Exercise requirements: Below are some entries. Repeat exactly the lines from the one with "and it is in" through the one with "The notion of", and only those.
------ Entries provided ------
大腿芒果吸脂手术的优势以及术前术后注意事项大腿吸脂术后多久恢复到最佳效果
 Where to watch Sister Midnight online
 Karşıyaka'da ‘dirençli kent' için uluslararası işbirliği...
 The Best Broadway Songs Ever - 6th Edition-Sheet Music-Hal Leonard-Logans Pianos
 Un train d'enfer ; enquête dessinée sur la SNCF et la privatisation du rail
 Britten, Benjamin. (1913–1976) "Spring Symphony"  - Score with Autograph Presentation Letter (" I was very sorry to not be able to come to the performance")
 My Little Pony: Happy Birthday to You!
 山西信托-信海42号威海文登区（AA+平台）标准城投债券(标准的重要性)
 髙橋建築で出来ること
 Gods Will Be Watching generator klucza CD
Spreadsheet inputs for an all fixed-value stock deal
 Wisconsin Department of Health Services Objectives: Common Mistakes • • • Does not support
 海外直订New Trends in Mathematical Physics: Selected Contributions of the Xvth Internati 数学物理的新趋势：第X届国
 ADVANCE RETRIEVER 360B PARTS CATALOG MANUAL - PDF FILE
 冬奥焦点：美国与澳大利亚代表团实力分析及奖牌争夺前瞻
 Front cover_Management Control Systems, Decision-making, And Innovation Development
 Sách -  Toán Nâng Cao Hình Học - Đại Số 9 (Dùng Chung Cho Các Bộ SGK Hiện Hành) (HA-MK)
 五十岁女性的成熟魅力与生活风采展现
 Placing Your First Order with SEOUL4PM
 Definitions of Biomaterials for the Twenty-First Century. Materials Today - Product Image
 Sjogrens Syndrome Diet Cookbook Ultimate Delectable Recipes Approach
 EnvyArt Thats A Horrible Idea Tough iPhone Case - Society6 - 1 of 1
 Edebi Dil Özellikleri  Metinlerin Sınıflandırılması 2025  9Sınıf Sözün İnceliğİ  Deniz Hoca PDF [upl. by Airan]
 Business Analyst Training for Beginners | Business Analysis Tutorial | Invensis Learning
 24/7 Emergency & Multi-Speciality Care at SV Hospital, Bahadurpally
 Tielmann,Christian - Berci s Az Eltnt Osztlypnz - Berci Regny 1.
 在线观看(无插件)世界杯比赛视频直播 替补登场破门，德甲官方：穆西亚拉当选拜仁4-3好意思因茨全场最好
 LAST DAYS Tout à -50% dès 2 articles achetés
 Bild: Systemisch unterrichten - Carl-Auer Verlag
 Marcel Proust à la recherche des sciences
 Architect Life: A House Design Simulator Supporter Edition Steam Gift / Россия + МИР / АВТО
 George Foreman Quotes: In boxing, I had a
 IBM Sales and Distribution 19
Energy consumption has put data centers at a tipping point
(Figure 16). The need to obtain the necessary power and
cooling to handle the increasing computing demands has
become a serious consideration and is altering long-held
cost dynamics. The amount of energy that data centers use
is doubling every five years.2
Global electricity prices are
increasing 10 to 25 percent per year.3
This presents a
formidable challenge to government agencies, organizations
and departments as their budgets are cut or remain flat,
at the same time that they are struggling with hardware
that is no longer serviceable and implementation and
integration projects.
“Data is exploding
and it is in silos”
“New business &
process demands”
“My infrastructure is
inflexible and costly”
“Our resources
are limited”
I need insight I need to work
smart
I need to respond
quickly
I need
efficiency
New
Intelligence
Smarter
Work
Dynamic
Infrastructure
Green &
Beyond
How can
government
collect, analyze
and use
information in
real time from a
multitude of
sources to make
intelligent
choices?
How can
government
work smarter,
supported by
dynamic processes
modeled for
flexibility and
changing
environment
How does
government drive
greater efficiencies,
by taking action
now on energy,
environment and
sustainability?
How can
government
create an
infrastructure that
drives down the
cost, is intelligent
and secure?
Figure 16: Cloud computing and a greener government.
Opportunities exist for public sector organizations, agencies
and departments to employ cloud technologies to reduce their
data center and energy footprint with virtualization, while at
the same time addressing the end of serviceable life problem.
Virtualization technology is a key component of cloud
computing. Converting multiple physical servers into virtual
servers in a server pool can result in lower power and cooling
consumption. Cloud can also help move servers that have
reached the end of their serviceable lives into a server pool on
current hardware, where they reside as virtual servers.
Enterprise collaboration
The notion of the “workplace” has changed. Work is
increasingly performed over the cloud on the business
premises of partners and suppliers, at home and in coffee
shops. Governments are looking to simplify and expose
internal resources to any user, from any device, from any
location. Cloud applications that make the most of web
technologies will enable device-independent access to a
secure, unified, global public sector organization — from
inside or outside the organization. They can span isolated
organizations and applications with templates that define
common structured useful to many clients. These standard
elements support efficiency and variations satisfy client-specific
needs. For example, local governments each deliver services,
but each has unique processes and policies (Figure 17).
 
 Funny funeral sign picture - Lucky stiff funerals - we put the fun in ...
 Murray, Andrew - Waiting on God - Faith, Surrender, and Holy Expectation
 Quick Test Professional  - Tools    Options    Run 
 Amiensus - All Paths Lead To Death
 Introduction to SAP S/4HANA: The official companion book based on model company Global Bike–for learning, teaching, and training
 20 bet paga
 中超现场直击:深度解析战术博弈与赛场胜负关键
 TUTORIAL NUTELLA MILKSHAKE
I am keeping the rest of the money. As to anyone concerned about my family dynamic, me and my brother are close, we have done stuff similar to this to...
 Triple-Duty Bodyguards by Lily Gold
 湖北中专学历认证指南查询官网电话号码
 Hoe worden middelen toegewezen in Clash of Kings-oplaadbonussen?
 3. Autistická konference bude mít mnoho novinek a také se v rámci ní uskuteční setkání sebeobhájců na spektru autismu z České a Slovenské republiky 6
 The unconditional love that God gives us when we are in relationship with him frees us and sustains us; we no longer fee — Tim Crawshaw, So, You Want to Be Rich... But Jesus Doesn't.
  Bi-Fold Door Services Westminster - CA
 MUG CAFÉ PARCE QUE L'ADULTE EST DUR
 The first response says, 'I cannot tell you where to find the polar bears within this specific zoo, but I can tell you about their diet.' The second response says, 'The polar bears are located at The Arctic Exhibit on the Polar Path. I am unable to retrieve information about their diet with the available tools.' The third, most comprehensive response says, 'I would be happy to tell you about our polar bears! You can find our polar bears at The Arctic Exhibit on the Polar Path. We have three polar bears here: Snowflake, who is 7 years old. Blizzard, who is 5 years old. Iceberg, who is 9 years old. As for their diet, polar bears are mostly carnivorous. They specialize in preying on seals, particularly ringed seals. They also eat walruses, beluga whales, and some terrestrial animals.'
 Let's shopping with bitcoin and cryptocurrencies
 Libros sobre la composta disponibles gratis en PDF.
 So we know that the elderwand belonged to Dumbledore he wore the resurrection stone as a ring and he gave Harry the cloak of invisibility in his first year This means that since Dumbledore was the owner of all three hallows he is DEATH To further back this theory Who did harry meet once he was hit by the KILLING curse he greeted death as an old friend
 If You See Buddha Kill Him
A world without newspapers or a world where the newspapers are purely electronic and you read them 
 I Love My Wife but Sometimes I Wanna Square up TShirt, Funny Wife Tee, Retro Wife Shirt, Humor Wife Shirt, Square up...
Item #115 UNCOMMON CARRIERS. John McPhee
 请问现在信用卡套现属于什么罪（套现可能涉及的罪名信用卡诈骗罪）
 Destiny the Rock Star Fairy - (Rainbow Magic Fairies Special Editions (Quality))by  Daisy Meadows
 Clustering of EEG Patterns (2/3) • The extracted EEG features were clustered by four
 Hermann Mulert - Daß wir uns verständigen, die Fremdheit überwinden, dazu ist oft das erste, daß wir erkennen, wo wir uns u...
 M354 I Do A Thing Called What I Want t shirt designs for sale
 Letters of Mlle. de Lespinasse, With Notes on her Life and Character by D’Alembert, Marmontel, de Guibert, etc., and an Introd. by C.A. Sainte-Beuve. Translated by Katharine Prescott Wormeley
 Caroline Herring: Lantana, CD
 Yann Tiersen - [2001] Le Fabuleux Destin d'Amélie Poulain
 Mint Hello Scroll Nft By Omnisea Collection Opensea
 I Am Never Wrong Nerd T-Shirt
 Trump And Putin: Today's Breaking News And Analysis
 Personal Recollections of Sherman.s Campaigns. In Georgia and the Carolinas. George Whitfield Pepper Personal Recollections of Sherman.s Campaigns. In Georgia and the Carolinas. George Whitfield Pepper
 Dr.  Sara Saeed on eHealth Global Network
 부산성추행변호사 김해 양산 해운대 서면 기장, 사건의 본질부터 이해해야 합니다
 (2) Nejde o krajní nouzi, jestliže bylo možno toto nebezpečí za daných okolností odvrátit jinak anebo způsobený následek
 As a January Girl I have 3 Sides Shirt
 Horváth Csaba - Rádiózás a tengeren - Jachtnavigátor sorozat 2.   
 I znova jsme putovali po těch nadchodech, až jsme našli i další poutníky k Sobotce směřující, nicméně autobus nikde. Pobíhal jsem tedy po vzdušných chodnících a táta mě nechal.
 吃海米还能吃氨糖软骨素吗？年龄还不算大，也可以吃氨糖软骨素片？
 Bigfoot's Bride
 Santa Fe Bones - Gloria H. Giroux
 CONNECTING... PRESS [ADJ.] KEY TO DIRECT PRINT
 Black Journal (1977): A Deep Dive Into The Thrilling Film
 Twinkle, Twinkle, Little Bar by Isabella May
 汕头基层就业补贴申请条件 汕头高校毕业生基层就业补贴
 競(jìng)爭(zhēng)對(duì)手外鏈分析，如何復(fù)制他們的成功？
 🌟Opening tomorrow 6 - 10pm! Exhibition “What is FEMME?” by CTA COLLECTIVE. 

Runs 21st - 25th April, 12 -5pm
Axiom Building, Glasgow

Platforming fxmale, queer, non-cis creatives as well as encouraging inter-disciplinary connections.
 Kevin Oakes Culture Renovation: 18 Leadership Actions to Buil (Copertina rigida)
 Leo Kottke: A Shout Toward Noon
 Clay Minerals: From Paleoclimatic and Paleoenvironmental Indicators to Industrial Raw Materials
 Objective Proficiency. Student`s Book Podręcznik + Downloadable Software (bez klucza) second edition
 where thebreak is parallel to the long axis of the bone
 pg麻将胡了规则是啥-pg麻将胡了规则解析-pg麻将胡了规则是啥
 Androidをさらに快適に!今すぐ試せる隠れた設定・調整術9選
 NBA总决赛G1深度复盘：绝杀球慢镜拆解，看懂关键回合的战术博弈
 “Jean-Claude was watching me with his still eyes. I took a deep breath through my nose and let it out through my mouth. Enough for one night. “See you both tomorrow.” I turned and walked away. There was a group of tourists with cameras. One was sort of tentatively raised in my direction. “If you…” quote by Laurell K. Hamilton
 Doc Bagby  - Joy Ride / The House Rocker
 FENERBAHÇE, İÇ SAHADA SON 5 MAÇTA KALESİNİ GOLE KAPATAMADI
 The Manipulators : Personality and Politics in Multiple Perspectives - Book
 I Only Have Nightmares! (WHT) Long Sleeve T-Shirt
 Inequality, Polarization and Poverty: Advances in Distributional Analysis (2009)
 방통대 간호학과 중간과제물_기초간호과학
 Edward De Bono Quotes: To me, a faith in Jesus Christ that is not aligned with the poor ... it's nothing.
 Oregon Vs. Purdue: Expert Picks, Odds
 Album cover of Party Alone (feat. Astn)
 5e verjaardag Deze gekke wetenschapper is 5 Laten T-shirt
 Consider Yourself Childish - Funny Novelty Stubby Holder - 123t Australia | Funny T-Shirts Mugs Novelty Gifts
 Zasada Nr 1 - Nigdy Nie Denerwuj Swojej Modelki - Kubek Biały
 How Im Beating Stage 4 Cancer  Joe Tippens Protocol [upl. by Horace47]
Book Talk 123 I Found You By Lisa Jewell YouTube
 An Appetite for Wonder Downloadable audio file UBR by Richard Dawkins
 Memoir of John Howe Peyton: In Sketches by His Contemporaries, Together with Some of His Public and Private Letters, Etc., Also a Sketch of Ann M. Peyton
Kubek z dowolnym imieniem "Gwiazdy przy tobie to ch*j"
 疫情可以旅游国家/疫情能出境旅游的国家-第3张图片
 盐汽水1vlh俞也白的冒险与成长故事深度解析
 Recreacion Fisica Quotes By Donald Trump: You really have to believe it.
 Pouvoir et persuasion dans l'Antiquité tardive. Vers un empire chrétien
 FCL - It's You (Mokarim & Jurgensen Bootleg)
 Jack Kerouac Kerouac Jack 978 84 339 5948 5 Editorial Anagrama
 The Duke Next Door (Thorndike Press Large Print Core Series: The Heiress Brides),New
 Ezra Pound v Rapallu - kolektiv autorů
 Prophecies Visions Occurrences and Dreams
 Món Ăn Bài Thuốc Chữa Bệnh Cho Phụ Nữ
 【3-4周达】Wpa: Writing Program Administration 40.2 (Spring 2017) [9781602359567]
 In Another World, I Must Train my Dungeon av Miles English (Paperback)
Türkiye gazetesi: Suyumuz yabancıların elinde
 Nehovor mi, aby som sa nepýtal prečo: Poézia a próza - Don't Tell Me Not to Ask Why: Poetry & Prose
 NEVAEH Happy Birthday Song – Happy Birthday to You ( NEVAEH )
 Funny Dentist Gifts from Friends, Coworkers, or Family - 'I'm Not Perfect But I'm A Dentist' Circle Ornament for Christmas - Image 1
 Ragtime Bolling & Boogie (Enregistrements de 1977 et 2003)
------
Reply to the task:
and it is in silos”
“New business &
process demands”
“My infrastructure is
inflexible and costly”
“Our resources
are limited”
I need insight I need to work
smart
I need to respond
quickly
I need
efficiency
New
Intelligence
Smarter
Work
Dynamic
Infrastructure
Green &
Beyond
How can
government
collect, analyze
and use
information in
real time from a
multitude of
sources to make
intelligent
choices?
How can
government
work smarter,
supported by
dynamic processes
modeled for
flexibility and
changing
environment
How does
government drive
greater efficiencies,
by taking action
now on energy,
environment and
sustainability?
How can
government
create an
infrastructure that
drives down the
cost, is intelligent
and secure?
Figure 16: Cloud computing and a greener government.
Opportunities exist for public sector organizations, agencies
and departments to employ cloud technologies to reduce their
data center and energy footprint with virtualization, while at
the same time addressing the end of serviceable life problem.
Virtualization technology is a key component of cloud
computing. Converting multiple physical servers into virtual
servers in a server pool can result in lower power and cooling
consumption. Cloud can also help move servers that have
reached the end of their serviceable lives into a server pool on
current hardware, where they reside as virtual servers.
Enterprise collaboration
The notion of the “workplace” has changed. Work is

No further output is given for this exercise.